*** Dataset excerpt Section Begins ***
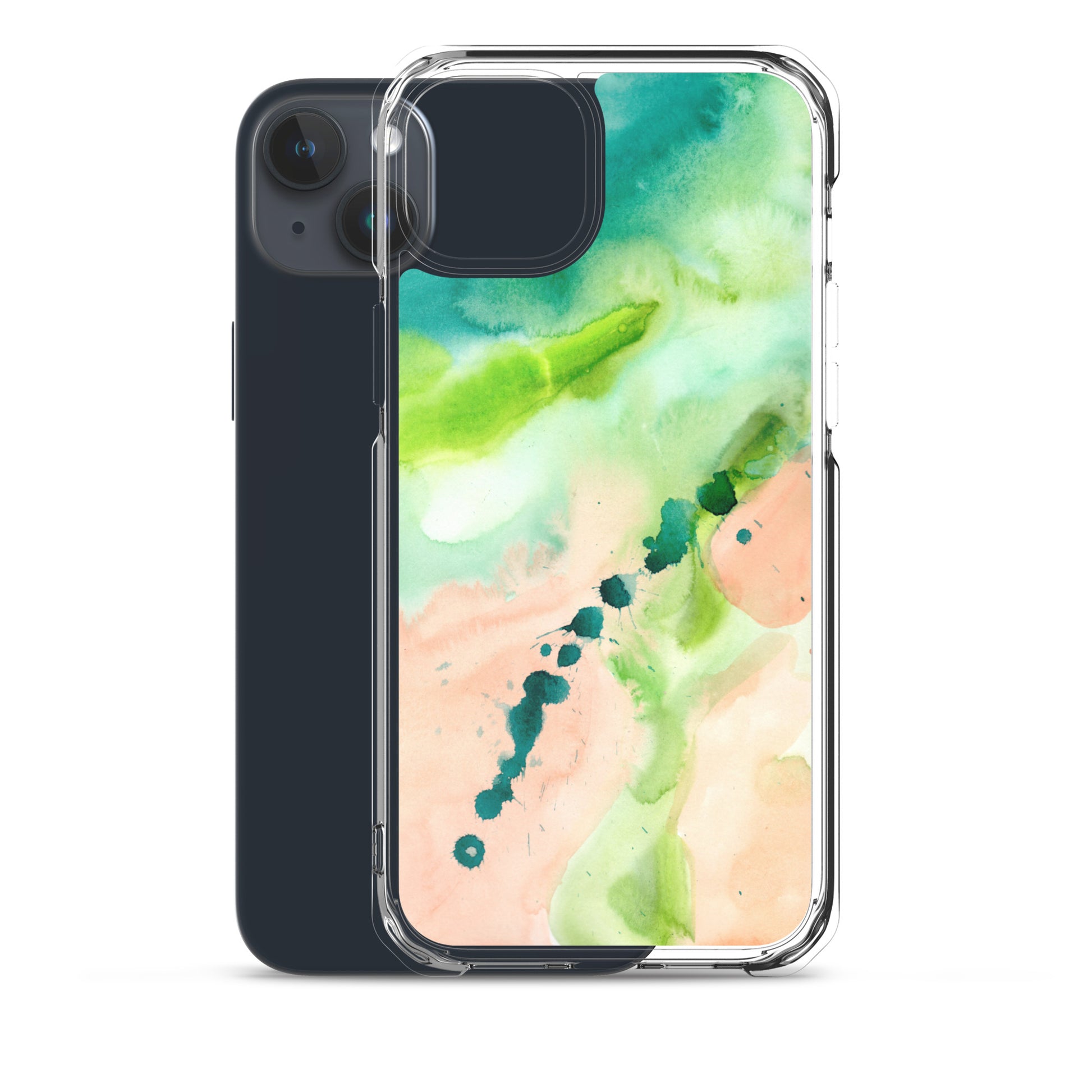 Coral and Aqua Abstract Design Clear Case for iPhone® - Aquamarine Design - Artistic Gifts for Women - Art by Artist Tania Herrera from Aquamarine Design Studio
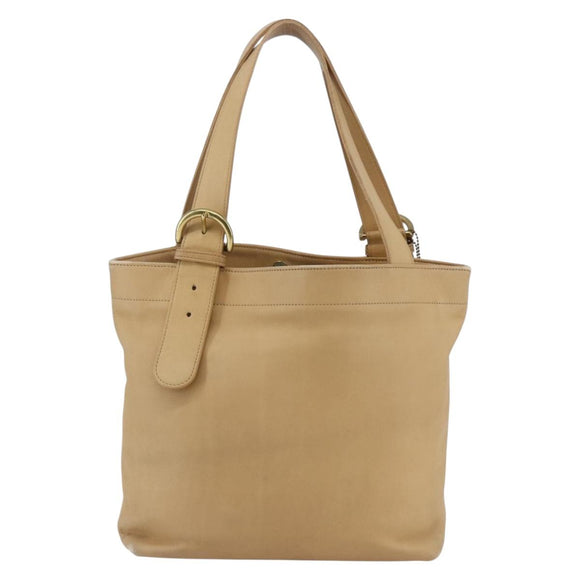 Coach Tote Bag Leather Beige Auth am9383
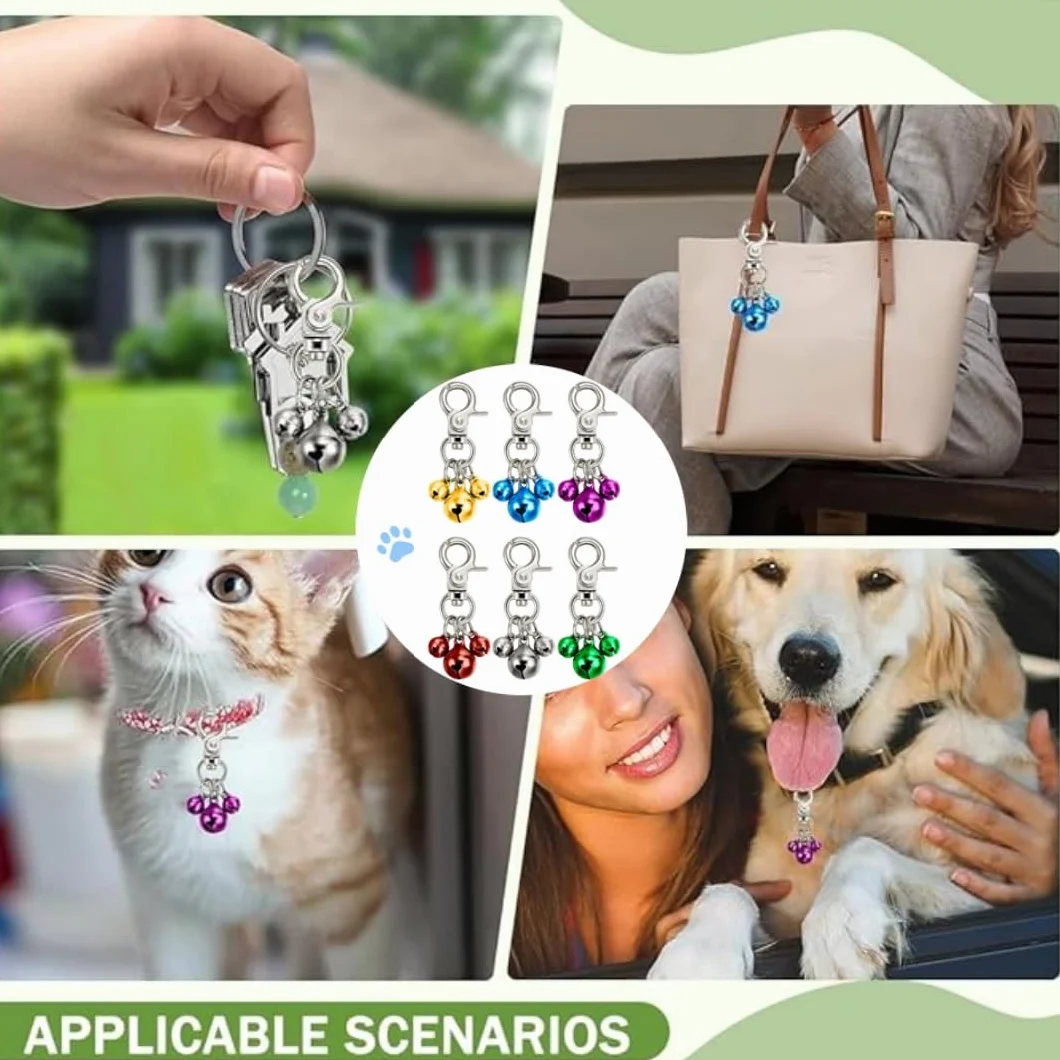 Lot de 6 clochettes pour colliers animaux, pendentif triple cloche chien, breloques décoration collier, porte-clés entraînement chien chat (colorés)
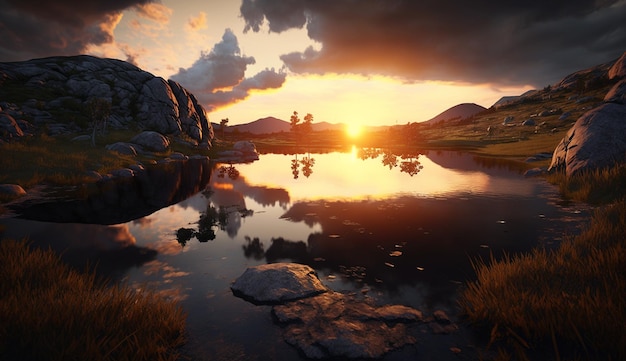 Красивый пейзаж горное озеро закат обои изображение AI создано искусство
*** Dataset excerpt Section Ends ***
--- Your goal ---
Only an exact copy is wanted: the lines from the opening of the material through the line that has "Coach Tote Bag Leather Beige Auth am9383", minus any pictures.

--- Output for this exercise ---
 Coral and Aqua Abstract Design Clear Case for iPhone® - Aquamarine Design - Artistic Gifts for Women - Art by Artist Tania Herrera from Aquamarine Design Studio
 Coach Tote Bag Leather Beige Auth am9383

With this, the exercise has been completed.